Q: Are statistical estimates of the recall, precision, and other measures of effectiveness of the predictive model needed as part of the reporting on the predictive coding process?

A: If so, a PC workflow is more appropriate.

Q: Is a statistical estimate needed of how many documents of interest were not found during training?

A: If so, a CMML workflow may be more appropriate.

Q: Is it desired to use all review documents for training?

A: A CMML workflow does not distinguish between review and training, and so is most natural when this is desired.

Q: Is the total number of target documents, and/or the proportion of target documents, very low?

A: If so, using a Control Set may be impractical.

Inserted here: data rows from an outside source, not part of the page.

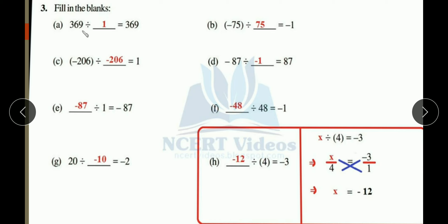Part (d): minus 87 divided by blank equals 87. We need to get the result 87. To get 87, we should take the same number. Now we need a plus sign in the result, so when we have minus 87 divided by minus 1, that gives us 87. So the answer is minus 1.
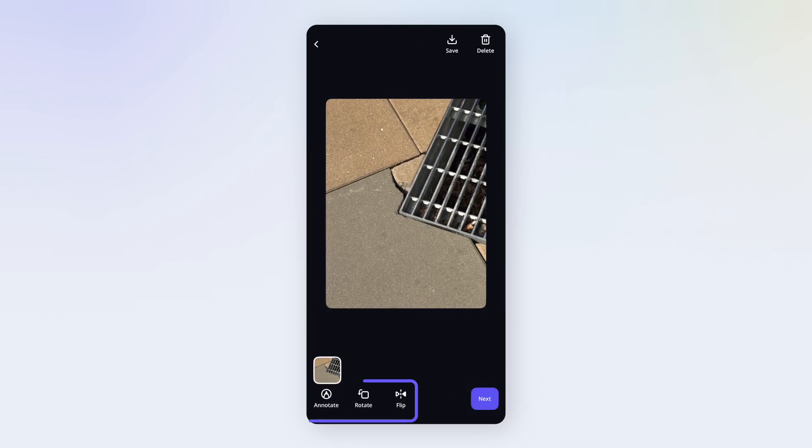You can also annotate images to highlight details, or rotate and flip images if required. Let's continue.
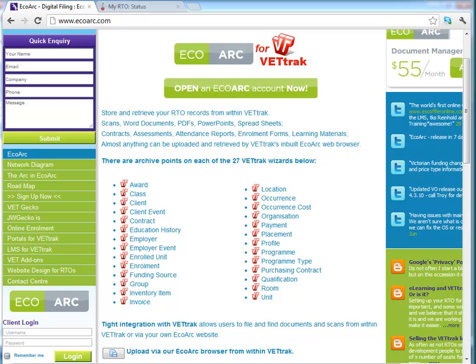Welcome to this EcoArch tutorial. I'm going to show you how to upload and assign files against entities within VetTrack. Please note, if your VetTrack is hosted by Aussoft, you'll need to see one of our other tutorials to cover your product and uploading and assigning files.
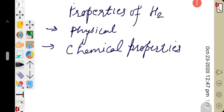Hello children, good morning. Today we will discuss about properties of hydrogen. In the previous video, we discussed about preparation of hydrogen — especially we focused on Bosch's method of preparing hydrogen gas. In this video, we will discuss properties of hydrogen. Properties are of two types: physical properties and chemical properties.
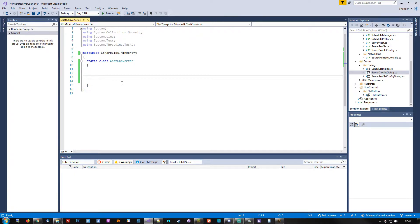We want to set up a format that we can throw into the chat converter and have it output either the JSON chat elements needed for sending a Telraw to the server, or a properly formatted setup that can go in the server properties file. So two methods, but we need to settle on a specific format going into the chat converter.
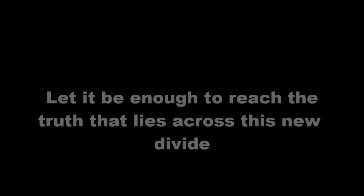Give me reason to fill this hole, connect the space between. Let it be enough to reach the truth and lies across this new divide.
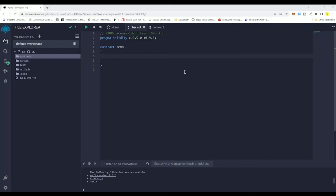In this video we are going to talk about local variables in Solidity. Local variables in Solidity are basically variables that we declare inside a function.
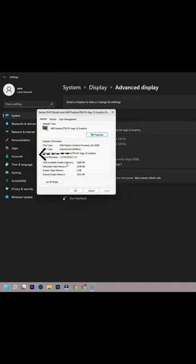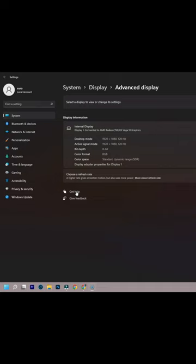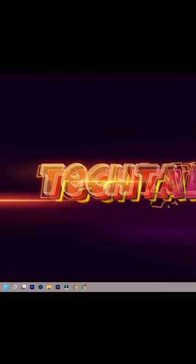For more information like this, subscribe to my channel Tech Talk 101 SD. I'll see you next time.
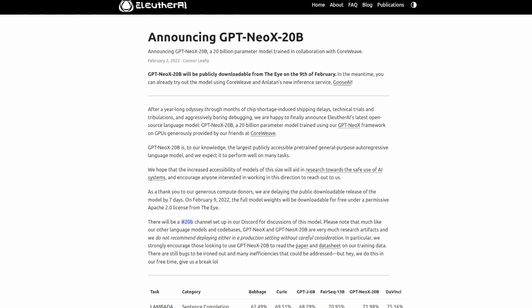What's up guys, today I wanted to cover the recent news, that news being that Eleuther AI has announced a 20 billion parameter GPT Neo model.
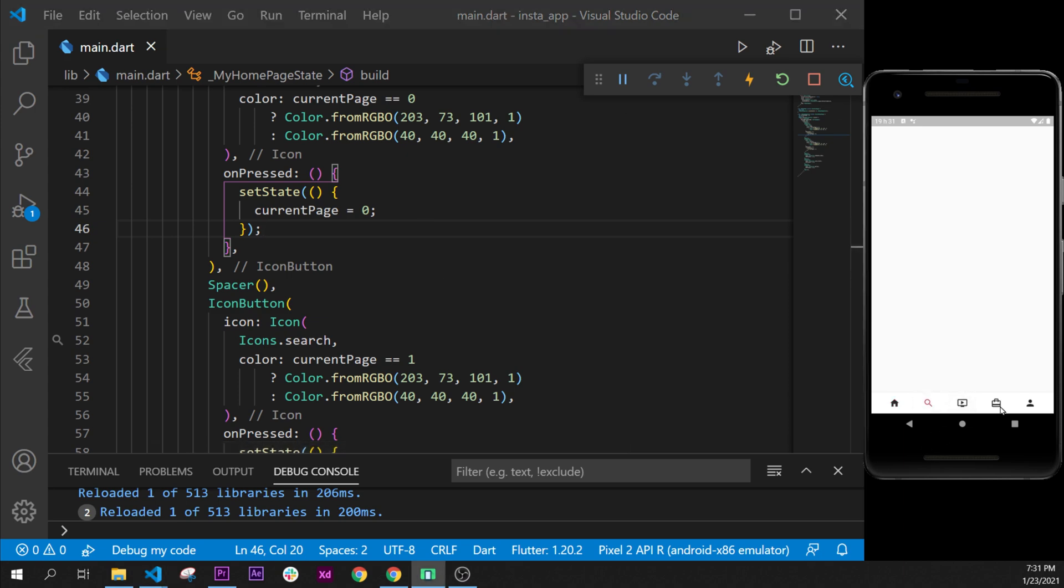for this video. We have built the bottom navigation bar. In the next video, what we will do is create the home page or more about the Instagram app. So see you on the next video. Bye!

While a dummy Control Set may be used with a PC workflow, a CMML workflow is often preferable in this case.

Q: Is an iterative relevance feedback (training on top-ranked documents) approach to training desired?

A: This can be done in either workflow, but is easier in a CMML workflow.

Q: Is it desired to simultaneously train predictive models for several different topics?

A: This is only supported for CMML workflows.

Q: Is the topic of interest expected to evolve as documents are examined during training?

A: A CMML workflow makes it easier to change the coding of documents, remove documents from training, and flexibly pursue an evolving information need.

Q: Is it desired to a use a predictive model in combination with other analytics tools (for instance, to view top score documents on the cluster wheel)?

A: This is much simpler in a CMML workflow.